## Exercise requirements
Going line by line through the records below, write out everything starting with the line containing "Now we come" and going on through the line containing "This is a new", exactly and inclusively. Pictures do not go in.

## Input data
· · · ·
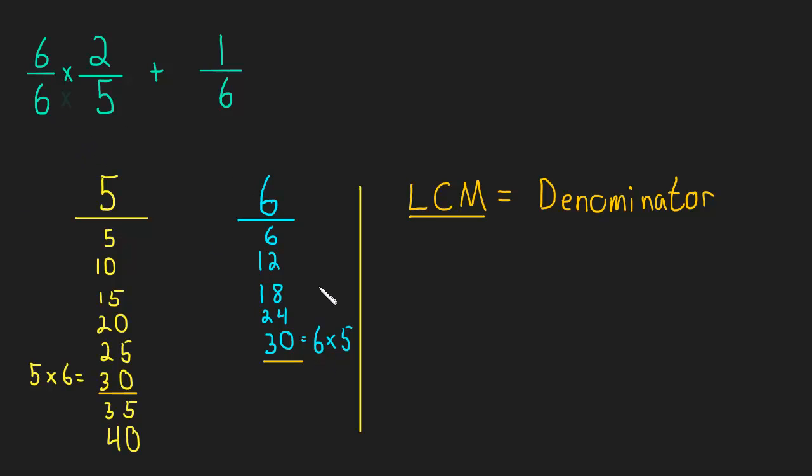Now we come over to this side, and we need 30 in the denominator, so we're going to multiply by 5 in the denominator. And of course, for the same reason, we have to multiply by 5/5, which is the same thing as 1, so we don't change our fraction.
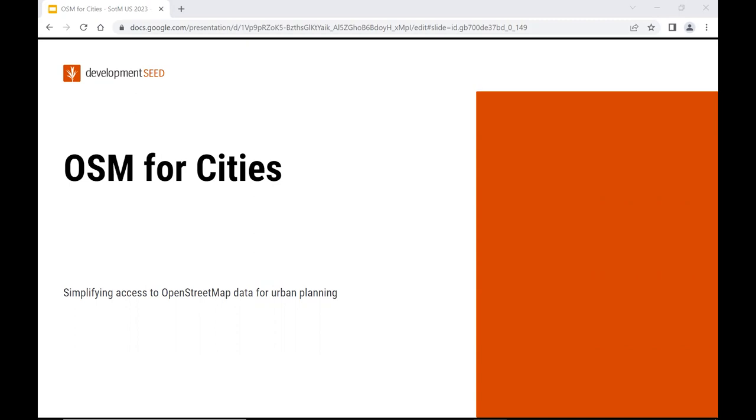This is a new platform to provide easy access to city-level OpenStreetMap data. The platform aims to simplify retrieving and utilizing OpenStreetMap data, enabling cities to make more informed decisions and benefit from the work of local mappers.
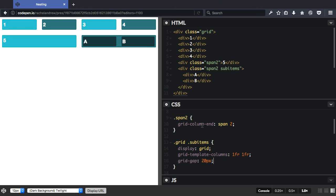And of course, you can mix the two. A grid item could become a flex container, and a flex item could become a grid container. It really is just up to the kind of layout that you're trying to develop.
· · · ·
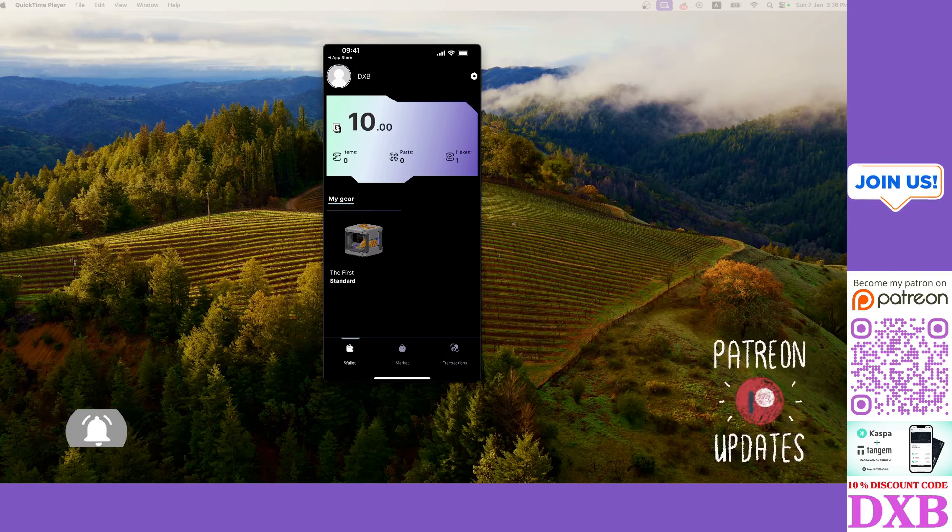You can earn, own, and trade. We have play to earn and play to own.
· · · ·
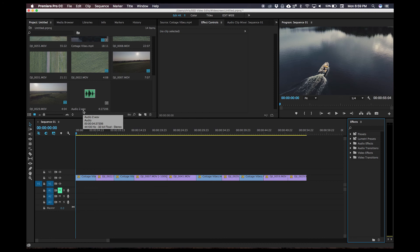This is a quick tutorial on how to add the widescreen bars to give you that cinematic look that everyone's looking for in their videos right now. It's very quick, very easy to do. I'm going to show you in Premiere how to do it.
· · · ·
## Exercise output
Now we come over to this side, and we need 30 in the denominator, so we're going to multiply by 5 in the denominator. And of course, for the same reason, we have to multiply by 5/5, which is the same thing as 1, so we don't change our fraction.
This is a new platform to provide easy access to city-level OpenStreetMap data. The platform aims to simplify retrieving and utilizing OpenStreetMap data, enabling cities to make more informed decisions and benefit from the work of local mappers.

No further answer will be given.